Exactly. It's when my Ni takes over and I'm processing inside my head. Though sometimes I stare in a different way, when someone interests me and I'm analyzing them, picking up every detail and looking right into them. Perhaps that's Ni again, feeding itself with information. But Fe tells me not to do it so openly because I suspect it's disconcerting!


----------



## Strelok (Aug 16, 2013)

Villette said:


> My daughter pointed out the other day that when I'm in my own world, sifting through thoughts/information in my mind, my eyes sometimes dart around here and there. I'm not actually looking at anything, I am moving between different ideas inside my head, and my eye movements just reflect how I am identifying separate ideas and connecting them up. It feels like joining the dots of a web-like puzzle. It must look crazy to observers. Sometimes I also mutter to myself at the same time...


Me too, and I don't think it has anything to do with cognitive functions. I don't mutter to myself though.


----------



## The Nameless Composer (Sep 20, 2014)

Villette said:


> Yes, I also work with a guy who I think is ENFP. When we discuss things, he will bounce ideas around and churn out loads of random possibilities. It's fun and I love to hear them, but can't always respond to his ideas straight away. I might take them away, think them over and connect them into a grand plan, as you say.


For an introvert I sometimes talk without thinking that much haha. I guess when I start talking more and more ideas will snowball into a semi-coherent monologue which makes it sound like the words are tumbling out barely keeping up with the ideas.


----------



## The Nameless Composer (Sep 20, 2014)

Villette said:


> I would identify with that. I have an ability to sound like I know what I'm talking about without in-depth study or knowledge. It's an ability to pick out key concepts and terms, and connect them up into an answer. Very useful in exam situations! Not so much in real life, when lack of in-depth understanding can trip me up.


Me too, but I'm INFP. People always see me as a braniac because of my general knowledge, but I don't consider myself exceptional. I can just read a few wiki articles and a book and seem like an expert about something. I'm a newbie at MBTI but sound like an expert to some people lol.


----------



## TuesdaysChild (Jan 11, 2014)

Ne - if I sound decisive.... just wait a minute. I'll change my mind.


----------



## ConspiracyTheory (Apr 13, 2014)

AlliG said:


> Ne - if I sound decisive.... just wait a minute. I'll change my mind.


Hahaha.

My spouse doesn't believe in evolution. He was talking about why he doesn't believe it. I kept arguing with every point he made. After a few minutes I said "I don't believe it either, I'm just pointing out flaws in your points."
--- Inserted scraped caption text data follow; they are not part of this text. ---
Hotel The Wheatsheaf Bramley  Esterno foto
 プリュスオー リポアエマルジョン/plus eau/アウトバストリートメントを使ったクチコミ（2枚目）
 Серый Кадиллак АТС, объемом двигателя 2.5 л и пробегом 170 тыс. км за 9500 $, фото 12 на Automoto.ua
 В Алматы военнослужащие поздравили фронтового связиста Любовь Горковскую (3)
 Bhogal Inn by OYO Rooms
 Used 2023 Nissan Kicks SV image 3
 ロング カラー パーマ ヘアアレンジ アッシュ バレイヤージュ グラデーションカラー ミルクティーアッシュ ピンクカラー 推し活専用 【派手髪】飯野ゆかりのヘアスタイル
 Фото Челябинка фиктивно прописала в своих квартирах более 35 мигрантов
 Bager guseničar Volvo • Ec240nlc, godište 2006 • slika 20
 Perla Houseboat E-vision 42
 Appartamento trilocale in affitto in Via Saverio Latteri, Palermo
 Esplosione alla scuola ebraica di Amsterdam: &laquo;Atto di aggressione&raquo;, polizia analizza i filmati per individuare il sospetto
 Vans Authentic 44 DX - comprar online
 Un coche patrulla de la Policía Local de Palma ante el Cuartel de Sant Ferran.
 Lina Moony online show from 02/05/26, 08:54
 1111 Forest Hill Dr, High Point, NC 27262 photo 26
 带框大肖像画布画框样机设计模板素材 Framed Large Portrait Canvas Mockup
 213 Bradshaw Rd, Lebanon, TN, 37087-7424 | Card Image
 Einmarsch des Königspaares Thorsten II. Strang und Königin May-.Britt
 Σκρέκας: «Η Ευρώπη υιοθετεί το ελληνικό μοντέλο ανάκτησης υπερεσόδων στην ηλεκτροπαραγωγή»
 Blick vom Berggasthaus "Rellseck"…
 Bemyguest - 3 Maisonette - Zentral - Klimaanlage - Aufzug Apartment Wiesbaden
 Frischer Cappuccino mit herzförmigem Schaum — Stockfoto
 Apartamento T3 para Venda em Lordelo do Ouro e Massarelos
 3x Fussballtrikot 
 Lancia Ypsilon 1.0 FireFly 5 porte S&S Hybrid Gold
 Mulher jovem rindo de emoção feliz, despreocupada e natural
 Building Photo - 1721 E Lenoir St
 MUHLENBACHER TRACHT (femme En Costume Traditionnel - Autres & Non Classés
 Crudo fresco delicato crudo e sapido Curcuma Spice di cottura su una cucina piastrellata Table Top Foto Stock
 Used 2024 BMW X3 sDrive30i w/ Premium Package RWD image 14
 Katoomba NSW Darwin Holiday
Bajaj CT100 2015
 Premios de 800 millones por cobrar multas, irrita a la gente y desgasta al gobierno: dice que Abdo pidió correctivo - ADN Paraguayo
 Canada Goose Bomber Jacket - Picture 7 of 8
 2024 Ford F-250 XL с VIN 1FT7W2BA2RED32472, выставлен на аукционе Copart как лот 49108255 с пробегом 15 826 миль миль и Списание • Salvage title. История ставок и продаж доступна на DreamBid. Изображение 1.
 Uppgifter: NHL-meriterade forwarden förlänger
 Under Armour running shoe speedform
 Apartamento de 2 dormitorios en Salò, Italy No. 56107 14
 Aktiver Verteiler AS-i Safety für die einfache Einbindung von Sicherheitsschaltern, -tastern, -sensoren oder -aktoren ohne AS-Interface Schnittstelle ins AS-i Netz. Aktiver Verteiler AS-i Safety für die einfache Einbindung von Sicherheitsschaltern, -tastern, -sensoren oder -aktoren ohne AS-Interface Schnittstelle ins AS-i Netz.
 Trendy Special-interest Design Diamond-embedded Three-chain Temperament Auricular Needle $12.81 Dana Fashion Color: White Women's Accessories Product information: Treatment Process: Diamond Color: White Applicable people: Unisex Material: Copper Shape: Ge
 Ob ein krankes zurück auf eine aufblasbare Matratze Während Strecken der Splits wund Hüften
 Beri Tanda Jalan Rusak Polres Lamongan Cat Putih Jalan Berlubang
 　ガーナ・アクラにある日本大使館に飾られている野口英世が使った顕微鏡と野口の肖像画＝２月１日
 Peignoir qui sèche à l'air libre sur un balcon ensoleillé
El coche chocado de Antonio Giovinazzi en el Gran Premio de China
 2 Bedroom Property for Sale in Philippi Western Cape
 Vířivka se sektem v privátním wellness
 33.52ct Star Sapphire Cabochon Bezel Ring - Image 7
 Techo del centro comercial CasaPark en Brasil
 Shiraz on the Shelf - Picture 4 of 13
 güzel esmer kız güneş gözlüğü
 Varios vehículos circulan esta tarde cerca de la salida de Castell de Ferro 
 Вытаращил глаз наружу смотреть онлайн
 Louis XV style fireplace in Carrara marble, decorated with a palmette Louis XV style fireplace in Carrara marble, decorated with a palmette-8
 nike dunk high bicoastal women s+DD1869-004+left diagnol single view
If anyone is wondering, I believe evolution is only a snippet of the entire equation.


----------



## Strelok (Aug 16, 2013)

ConspiracyTheory said:


> If anyone is wondering, I believe evolution is only a snippet of the entire equation.


Which equation? What might be the rest of it?


----------



## ConspiracyTheory (Apr 13, 2014)

*even*

Physics admits they can't explain everything. It's just a system for what we know as of now. I don't have a set explanation, but I consider these points:

Human beings are the spirit that is densified.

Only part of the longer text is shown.